AEGCG follows a chronic course; however, there have been reports of spontaneous remission [4]. Therapy options include topical or intralesional glucocorticoids, clofazimine, cyclosporine, topical calcineurin inhibitors, hydroxychloroquine, methotrexate, psoralen plus ultraviolet A therapy, and narrowband ultraviolet B therapy [5]. In our case, the patient was treated with hydroxychloroquine sulfate at a daily dose of 200 mg and topical tacrolimus. The patient showed significant improvement after a treatment period of 2 months.

AEGCG has been associated with diabetes mellitus, systemic sarcoidosis, cutaneous amyloidosis, molluscum contagiosum, and cutaneous T-cell lymphoma [3]. In our case, the patient had associated syphilis. It is possible that this association was a coincidence. Syphilis is a sexually transmitted infection transmitted by Treponema pallidum subspecies pallidum, and several dermatological disorders are reported that are accompanied by syphilis [6, 7]. Chung et al. [8] found that T. pallidum can stimulate host human fibroblasts to increase the synthesis of matrix metalloproteinase-1 (MMP-1), which may act as a virulence factor of the organism. The pathogenic mechanism of T. pallidum was similar to ultraviolet irradiation in AEGCG, which induces the formation of reactive oxygen species in the skin.

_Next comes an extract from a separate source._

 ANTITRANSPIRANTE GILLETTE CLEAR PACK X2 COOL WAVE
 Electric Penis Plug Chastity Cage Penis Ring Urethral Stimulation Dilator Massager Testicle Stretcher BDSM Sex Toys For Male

Human dermal fibroblasts exposed to reactive oxygen species show increased expression of mRNA for MMP-1 and MMP-2, which have the ability to degrade collagen and elastic fibers [9]. In addition, elastophagocytosis as the characteristic feature of AEGCG has been associated with numerous infections including leprosy, bacterial folliculitis, and granulomatous syphilis [10]. It may be postulated that syphilis infection may be involved in the pathogenesis of AEGCG. Therefore, the role of syphilis infection in AEGCG should be clarified in the future.

Statement of Ethics

Patient consent for publication was obtained.

Disclosure Statement

The authors have no conflicts of interest to disclose.